El órgano fue sometido a reparaciones posteriores en varias ocasiones. La primera en 1678 fue llevada a cabo por el fraile franciscano José de Echavarría. La siguiente por el famoso organero Diego de Orío en 1707. Y por último en 1719 el organero de Zaragoza Bartolomé Sánchez llevó a cabo un arreglo rehaciendo el secreto, una obra de gran envergadura, que alargó la vida del órgano hasta 1755.[24]

El obispo Andrés de Porras y Temes promovió la construcción de un tercer órgano, que en 1756 le fue encargado a Lucas de Tarazona que ya había construido el de la catedral de Santo Domingo de la Calzada. La caja del órgano en estilo rococó se asentó sobre la de su predecesor.[24]

A raíz de este trabajo, Lucas de Tarazona, entrabló una buena relación con el cabildo de Calahorra, llegando a legar a la ciudad su organillo tras su fallecimiento.[24]

Juan Monturus presentó en 1796 el proyecto para la construcción del cuarto órgano, empezando las obras en 1816 y finalizando en enero de 1818, siendo Ramón Ferreñac, organista primero de la Basílica del Pilar de Zaragoza, el encargado de su examen y aprobación. Se reutilizó la misma caja que en 1757, que ha perdurado hasta nuestros días.[24]

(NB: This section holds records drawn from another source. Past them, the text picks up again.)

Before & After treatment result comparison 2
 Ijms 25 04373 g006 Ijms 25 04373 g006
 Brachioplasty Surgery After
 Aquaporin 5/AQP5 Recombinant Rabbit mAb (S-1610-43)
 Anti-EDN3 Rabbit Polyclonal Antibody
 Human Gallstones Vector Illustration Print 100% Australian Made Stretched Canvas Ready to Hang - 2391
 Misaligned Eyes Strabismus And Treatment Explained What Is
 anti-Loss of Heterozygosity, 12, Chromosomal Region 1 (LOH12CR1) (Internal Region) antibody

Fue el propio Juan Monturus el encargado del mantenimiento del órgano hasta 1837, cuando a raíz de la desamortización no se dispuso de fondos para seguir contanto con sus servicios. El organero Pedro Roqués se hizo cargo del mantenimiento del órgano a partir de entonces.[24]

El órgano se sustituyó en gran parte por un armonio que fue obsequiado al cabildo por un donante. El armonio se encuentra a día de hoy en la Capilla de los Santos Mártires.[24]

El órgano actual fue construido por Roqués e Hijos en el año de 1917 y restaurado en 1996 por Usabiaga Hnos, organeros de Hernani. Sustituyó al de Juan Monturus, suprimiendo diversos elementos como la cadereta de espalda y los tubos verticales y dontándolo de una nueva consola, realizada en cedro americano.[25]

La sacristía y el claustro plateresco albergan el Museo Diocesano, con piezas de gran interés como una biblia sacra del siglo XII, la Custodia del Ciprés del siglo XV donada por Enrique IV[26]​ o la "del ángel" (por la figura del fuste) rococó del s. XVIII, la naveta del s. XVI hecha con un caracol marino y filigrana de lata, o la Torá judía.[27]

Es original el que se deba descender unos cuantos escalones para entrar a ella, quizá porque los templos anteriores tuvieron puerta de entrada a nivel del río. En las grandes avenidas del Cidacos, probablemente se inundaría la catedral y esto, unido al nacimiento de la carretera o del puente, motivó que se hicieran unas defensas, elevándose las puertas. Así nacieron esas escaleras por las cuales descendemos para ver su interior [1]​.